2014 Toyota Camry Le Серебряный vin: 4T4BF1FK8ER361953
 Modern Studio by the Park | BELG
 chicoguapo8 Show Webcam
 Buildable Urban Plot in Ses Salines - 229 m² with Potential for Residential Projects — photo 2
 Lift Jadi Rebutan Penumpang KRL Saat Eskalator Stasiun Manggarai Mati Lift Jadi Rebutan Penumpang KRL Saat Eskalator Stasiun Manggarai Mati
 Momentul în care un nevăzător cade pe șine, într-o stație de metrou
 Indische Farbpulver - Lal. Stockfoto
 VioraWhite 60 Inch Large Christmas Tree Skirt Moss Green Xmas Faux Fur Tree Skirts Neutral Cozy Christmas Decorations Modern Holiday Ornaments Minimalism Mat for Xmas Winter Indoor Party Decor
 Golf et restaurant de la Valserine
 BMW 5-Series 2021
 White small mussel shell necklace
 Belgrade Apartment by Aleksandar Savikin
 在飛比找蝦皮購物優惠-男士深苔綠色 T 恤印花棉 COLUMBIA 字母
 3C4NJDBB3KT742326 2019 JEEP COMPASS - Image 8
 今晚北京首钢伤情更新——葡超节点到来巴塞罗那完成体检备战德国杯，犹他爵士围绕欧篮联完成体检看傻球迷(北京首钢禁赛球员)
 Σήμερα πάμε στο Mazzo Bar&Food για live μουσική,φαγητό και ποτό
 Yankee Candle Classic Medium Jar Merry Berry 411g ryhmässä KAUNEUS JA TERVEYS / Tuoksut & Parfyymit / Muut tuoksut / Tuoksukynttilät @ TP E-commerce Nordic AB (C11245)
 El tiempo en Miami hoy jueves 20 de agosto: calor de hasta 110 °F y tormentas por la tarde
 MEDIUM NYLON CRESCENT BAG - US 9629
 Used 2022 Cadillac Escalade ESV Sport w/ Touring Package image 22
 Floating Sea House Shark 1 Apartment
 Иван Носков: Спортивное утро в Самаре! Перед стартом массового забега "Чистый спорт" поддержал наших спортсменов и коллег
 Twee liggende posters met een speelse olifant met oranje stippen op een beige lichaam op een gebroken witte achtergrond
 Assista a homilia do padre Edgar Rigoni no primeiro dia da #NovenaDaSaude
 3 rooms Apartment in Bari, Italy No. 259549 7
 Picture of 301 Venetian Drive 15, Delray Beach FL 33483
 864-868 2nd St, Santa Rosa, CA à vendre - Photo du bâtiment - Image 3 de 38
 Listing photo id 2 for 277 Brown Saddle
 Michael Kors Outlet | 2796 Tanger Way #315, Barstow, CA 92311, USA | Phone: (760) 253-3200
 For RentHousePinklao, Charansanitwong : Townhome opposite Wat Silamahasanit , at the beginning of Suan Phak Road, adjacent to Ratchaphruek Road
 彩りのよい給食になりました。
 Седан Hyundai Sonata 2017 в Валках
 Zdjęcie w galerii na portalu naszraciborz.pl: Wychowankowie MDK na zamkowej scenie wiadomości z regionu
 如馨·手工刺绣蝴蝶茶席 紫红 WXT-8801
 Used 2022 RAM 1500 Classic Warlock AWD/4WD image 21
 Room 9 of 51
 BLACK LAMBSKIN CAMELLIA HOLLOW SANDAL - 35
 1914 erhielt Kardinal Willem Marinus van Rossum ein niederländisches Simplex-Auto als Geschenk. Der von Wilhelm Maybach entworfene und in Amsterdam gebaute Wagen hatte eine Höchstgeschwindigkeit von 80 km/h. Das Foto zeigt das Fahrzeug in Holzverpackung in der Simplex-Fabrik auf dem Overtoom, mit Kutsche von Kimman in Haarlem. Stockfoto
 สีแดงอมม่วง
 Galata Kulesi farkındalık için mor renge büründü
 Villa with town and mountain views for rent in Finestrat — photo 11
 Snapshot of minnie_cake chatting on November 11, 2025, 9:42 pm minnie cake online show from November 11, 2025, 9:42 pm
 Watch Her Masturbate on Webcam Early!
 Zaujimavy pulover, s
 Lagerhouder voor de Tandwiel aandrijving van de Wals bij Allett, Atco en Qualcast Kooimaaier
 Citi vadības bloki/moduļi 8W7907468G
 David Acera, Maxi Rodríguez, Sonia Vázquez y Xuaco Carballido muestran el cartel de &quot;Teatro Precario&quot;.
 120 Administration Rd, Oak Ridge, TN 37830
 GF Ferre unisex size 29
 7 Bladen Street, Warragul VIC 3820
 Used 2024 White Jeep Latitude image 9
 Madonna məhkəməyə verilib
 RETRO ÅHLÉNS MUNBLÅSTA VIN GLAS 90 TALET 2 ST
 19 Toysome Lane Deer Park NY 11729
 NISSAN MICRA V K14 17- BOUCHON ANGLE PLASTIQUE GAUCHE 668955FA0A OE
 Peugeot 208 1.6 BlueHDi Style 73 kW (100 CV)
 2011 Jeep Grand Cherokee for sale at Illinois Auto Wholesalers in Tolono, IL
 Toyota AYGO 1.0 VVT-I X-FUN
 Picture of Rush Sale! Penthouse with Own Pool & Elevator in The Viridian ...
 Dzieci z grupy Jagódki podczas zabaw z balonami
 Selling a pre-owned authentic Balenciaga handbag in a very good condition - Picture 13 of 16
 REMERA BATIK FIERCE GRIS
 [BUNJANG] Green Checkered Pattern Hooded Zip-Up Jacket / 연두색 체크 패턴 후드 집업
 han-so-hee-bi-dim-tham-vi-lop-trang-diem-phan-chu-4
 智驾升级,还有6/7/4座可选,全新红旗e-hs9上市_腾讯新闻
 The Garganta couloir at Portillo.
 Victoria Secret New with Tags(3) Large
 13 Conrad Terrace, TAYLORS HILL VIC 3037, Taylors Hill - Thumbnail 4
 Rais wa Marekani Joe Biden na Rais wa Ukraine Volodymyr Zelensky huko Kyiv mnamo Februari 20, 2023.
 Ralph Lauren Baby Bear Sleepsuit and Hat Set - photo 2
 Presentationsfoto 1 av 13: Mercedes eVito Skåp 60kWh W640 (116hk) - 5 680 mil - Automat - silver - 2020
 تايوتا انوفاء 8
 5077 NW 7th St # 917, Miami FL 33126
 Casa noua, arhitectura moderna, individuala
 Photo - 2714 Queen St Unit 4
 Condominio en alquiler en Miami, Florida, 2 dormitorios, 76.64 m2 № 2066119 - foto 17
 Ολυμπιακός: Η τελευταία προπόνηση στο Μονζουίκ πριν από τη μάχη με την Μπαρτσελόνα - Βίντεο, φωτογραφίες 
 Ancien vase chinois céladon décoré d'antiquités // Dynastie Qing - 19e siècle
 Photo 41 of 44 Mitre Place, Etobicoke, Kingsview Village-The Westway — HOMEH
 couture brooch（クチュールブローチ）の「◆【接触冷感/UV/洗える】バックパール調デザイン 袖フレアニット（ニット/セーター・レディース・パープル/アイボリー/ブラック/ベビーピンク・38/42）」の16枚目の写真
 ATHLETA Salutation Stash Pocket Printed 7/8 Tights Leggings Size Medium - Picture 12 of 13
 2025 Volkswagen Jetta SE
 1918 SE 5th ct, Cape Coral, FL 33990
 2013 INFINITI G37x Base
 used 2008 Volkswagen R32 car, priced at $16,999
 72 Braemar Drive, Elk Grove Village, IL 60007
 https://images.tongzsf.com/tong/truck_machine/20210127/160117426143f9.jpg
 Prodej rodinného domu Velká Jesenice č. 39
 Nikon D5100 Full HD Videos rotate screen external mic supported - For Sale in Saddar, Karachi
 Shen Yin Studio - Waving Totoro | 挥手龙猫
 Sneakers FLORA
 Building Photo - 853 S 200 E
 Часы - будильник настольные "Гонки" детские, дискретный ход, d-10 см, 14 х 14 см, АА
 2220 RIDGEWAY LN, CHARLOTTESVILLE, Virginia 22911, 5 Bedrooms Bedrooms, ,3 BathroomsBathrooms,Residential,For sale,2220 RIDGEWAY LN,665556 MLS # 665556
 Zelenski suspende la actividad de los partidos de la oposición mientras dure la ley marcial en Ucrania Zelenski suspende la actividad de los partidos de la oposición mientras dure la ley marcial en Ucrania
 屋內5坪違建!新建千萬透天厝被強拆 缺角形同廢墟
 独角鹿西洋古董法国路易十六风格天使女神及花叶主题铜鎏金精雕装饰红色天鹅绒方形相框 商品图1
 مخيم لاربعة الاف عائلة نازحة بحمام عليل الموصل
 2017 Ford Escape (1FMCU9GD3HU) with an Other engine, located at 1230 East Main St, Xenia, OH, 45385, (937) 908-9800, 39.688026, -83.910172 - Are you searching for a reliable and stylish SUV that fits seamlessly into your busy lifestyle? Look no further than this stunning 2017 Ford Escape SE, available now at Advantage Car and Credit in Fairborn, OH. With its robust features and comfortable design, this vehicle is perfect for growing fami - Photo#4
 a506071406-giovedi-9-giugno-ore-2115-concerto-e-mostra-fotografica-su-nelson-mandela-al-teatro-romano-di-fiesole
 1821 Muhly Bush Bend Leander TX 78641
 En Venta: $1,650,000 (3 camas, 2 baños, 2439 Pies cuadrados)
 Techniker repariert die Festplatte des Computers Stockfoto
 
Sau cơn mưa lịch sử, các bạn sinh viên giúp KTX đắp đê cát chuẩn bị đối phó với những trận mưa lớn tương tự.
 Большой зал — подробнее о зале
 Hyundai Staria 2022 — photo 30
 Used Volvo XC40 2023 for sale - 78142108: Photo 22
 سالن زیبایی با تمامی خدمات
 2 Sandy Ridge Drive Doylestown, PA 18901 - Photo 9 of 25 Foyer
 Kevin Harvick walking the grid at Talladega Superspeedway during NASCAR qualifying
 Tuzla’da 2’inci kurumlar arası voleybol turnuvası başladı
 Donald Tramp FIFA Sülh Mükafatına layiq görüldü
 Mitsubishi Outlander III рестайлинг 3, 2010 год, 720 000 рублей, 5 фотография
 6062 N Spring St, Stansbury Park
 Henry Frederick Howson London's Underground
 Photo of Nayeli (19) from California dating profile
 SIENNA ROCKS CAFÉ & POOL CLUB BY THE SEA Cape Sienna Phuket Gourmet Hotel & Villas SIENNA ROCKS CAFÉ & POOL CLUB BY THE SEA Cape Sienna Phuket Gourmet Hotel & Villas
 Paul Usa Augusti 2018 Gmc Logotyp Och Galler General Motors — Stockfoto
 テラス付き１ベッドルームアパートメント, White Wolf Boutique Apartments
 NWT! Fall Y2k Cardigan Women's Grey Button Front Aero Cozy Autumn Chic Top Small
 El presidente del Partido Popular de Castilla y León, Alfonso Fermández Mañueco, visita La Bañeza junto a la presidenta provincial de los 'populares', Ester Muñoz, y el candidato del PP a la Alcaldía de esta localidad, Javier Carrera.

» **Try it**
Print the lines above from the one with "Belgrade Apartment by Aleksandar Savikin" through the one with "BLACK LAMBSKIN CAMELLIA HOLLOW SANDAL - 35", both included, exactly as written and nothing more.

» **Answer space**
 Belgrade Apartment by Aleksandar Savikin
 在飛比找蝦皮購物優惠-男士深苔綠色 T 恤印花棉 COLUMBIA 字母
 3C4NJDBB3KT742326 2019 JEEP COMPASS - Image 8
 今晚北京首钢伤情更新——葡超节点到来巴塞罗那完成体检备战德国杯，犹他爵士围绕欧篮联完成体检看傻球迷(北京首钢禁赛球员)
 Σήμερα πάμε στο Mazzo Bar&Food για live μουσική,φαγητό και ποτό
 Yankee Candle Classic Medium Jar Merry Berry 411g ryhmässä KAUNEUS JA TERVEYS / Tuoksut & Parfyymit / Muut tuoksut / Tuoksukynttilät @ TP E-commerce Nordic AB (C11245)
 El tiempo en Miami hoy jueves 20 de agosto: calor de hasta 110 °F y tormentas por la tarde
 MEDIUM NYLON CRESCENT BAG - US 9629
 Used 2022 Cadillac Escalade ESV Sport w/ Touring Package image 22
 Floating Sea House Shark 1 Apartment
 Иван Носков: Спортивное утро в Самаре! Перед стартом массового забега "Чистый спорт" поддержал наших спортсменов и коллег
 Twee liggende posters met een speelse olifant met oranje stippen op een beige lichaam op een gebroken witte achtergrond
 Assista a homilia do padre Edgar Rigoni no primeiro dia da #NovenaDaSaude
 3 rooms Apartment in Bari, Italy No. 259549 7
 Picture of 301 Venetian Drive 15, Delray Beach FL 33483
 864-868 2nd St, Santa Rosa, CA à vendre - Photo du bâtiment - Image 3 de 38
 Listing photo id 2 for 277 Brown Saddle
 Michael Kors Outlet | 2796 Tanger Way #315, Barstow, CA 92311, USA | Phone: (760) 253-3200
 For RentHousePinklao, Charansanitwong : Townhome opposite Wat Silamahasanit , at the beginning of Suan Phak Road, adjacent to Ratchaphruek Road
 彩りのよい給食になりました。
 Седан Hyundai Sonata 2017 в Валках
 Zdjęcie w galerii na portalu naszraciborz.pl: Wychowankowie MDK na zamkowej scenie wiadomości z regionu
 如馨·手工刺绣蝴蝶茶席 紫红 WXT-8801
 Used 2022 RAM 1500 Classic Warlock AWD/4WD image 21
 Room 9 of 51
 BLACK LAMBSKIN CAMELLIA HOLLOW SANDAL - 35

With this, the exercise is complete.